The collector of the BJT Q3 is electrically connected to an anode
of the LED D4 through the resistor R6. A cathode of the LED D4 is
grounded. A cathode of the battery 9 is grounded.
[0015] In the embodiment, the BJT Q1 is an NPN BJT. The BJTs Q2 and
Q3 are PNP BJTs. In other embodiments, the BJTs Q1-Q3 can be
replaced by other suitable electronic switches.

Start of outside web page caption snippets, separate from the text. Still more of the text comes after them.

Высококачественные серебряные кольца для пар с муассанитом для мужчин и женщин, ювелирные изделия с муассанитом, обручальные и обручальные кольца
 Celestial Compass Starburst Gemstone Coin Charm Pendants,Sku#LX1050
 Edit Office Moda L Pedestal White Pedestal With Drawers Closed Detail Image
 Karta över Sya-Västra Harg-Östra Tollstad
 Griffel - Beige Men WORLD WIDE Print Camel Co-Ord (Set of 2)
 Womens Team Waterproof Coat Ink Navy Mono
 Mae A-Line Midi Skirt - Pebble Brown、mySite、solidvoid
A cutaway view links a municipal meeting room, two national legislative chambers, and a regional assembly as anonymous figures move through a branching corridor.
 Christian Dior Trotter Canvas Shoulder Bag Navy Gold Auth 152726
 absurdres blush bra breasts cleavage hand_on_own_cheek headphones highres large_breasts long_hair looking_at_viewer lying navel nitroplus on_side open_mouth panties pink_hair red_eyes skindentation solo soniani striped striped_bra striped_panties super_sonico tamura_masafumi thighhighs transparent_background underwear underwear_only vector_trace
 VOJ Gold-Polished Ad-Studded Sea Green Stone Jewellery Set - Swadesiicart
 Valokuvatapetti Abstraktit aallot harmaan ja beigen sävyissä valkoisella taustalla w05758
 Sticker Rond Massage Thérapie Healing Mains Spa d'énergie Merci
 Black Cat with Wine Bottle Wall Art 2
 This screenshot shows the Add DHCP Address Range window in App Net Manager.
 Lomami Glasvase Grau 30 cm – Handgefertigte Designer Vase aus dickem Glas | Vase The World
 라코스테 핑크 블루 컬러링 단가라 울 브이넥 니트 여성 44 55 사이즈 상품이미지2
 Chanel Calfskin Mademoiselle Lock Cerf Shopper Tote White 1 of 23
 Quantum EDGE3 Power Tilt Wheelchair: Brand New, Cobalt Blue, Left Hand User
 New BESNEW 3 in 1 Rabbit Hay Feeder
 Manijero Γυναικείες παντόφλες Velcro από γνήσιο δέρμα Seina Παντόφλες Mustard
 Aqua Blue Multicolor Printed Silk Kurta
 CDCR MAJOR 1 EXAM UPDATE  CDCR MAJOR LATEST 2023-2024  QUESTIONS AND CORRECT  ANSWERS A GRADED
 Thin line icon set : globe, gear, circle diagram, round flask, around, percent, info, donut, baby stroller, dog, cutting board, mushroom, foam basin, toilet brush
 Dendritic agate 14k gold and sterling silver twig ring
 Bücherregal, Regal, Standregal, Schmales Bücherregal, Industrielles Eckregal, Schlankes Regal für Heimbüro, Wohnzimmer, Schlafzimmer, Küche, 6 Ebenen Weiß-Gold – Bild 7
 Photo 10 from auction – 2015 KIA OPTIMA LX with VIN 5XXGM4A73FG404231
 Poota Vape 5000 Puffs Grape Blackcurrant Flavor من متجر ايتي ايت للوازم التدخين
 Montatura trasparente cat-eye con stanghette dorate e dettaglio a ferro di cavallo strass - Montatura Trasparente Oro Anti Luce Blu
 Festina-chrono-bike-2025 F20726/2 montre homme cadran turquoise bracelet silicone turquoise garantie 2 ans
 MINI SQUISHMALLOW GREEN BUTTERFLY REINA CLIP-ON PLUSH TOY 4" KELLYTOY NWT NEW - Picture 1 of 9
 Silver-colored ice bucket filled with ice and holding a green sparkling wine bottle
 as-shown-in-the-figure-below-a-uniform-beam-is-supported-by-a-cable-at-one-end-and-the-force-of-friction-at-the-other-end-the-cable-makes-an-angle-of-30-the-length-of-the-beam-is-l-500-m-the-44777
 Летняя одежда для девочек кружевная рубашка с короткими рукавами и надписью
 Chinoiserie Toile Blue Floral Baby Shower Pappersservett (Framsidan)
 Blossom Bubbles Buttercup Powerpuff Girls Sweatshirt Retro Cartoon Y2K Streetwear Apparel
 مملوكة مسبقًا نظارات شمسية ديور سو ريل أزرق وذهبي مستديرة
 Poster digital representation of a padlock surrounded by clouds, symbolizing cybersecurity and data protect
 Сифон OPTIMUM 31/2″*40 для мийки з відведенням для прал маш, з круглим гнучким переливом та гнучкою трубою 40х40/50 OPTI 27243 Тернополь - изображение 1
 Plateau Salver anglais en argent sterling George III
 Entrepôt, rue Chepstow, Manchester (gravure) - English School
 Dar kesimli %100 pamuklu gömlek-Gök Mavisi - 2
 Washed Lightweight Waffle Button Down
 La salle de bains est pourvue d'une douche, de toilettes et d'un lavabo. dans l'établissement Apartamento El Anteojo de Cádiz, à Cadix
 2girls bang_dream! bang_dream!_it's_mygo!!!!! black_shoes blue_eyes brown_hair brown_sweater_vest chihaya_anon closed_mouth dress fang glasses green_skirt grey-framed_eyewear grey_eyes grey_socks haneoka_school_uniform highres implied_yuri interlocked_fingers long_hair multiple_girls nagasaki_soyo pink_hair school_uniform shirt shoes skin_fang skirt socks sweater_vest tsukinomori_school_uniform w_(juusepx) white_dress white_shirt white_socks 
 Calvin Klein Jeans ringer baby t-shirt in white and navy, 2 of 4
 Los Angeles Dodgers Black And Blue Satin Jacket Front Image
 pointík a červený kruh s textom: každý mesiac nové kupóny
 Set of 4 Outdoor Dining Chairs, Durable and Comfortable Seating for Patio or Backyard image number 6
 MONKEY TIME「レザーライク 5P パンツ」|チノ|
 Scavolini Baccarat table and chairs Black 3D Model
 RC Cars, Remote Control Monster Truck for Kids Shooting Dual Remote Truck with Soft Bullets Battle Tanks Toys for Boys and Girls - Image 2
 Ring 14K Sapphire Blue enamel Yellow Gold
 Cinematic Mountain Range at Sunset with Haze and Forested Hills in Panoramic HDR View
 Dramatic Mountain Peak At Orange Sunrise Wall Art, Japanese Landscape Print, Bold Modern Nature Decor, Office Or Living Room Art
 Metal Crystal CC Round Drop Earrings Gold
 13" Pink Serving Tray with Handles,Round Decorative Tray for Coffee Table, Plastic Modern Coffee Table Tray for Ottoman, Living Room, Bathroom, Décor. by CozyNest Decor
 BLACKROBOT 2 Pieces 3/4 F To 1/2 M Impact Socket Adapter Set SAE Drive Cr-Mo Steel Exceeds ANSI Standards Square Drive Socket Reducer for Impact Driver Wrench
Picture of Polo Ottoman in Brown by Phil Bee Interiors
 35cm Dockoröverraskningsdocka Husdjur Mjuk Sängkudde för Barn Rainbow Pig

[0016] A resistance of the resistor R3 is smaller than a resistance
of the resistor R4. The converter circuit 1 converts AC into DC and
outputs a first voltage at the node A. The first voltage is divided
between the resistors R1 and R2. A second voltage at the node
between the resistors R1 and R2 is obtained from the divided first
voltage. The second voltage is output to the non-inverting input
terminal of the comparator U1. When the battery 9 is charging, a
third voltage of the anode of the battery 9 increases. When the
third voltage is smaller than the second voltage, the comparator U1
outputs a high-level signal, such as logic 1. When the base of the
BJT Q1 receives the high-level signal, the collector of the BJT Q1
is electrically connected to the emitter of the BJT Q1, the base of
the BJT Q2 is grounded, the collector of the BJT Q2 is electrically
connected to the emitter of the BJT Q2, the base of the BJT Q3 is
electrically connected to the anode of the diode D6, and the BJT Q3
is turned off. Thus, the battery 9 gets charged from the output of
the converter circuit 1 through the resistor R3, and the LED D3 is
lit up. When the third voltage is greater than the second voltage,
the comparator U1 outputs a low-level signal, such as logic 0. When
the base of the BJT Q1 receives the low-level signal, the collector
of the BJT Q1 is electrically disconnected from the emitter of the
BJT Q1, the BJT Q1 is turned off, the BJT Q2 is turned off, the
diode D6 is turned on, and the BJT Q3 is turned on. Thus, the
battery 9 gets charged from the output of the converter circuit 1
through the resistor R4, and the LED D4 is lit up. When the third
voltage is lower than the second voltage, the BJT Q2 is turned on,
and the first voltage charges the battery 9 through the resistor
R3, thus charging the battery 9 quickly. When the third voltage is
higher than the second voltage, the BJT Q3 is turned on, and the
first voltage charges the battery 9 through the resistor R4, thus
providing a lower charging current to the battery 9 and preventing
damage to the battery.
[0017] While the disclosure has been described by way of example
and in terms of preferred embodiment, it is to be understood that
the disclosure is not limited thereto. To the contrary, it is
intended to cover various modifications and similar arrangements as
would be apparent to those skilled in the art. Therefore, the range
of the appended claims should be accorded the broadest
interpretation so as to encompass all such modifications and
similar arrangements.
* * * * *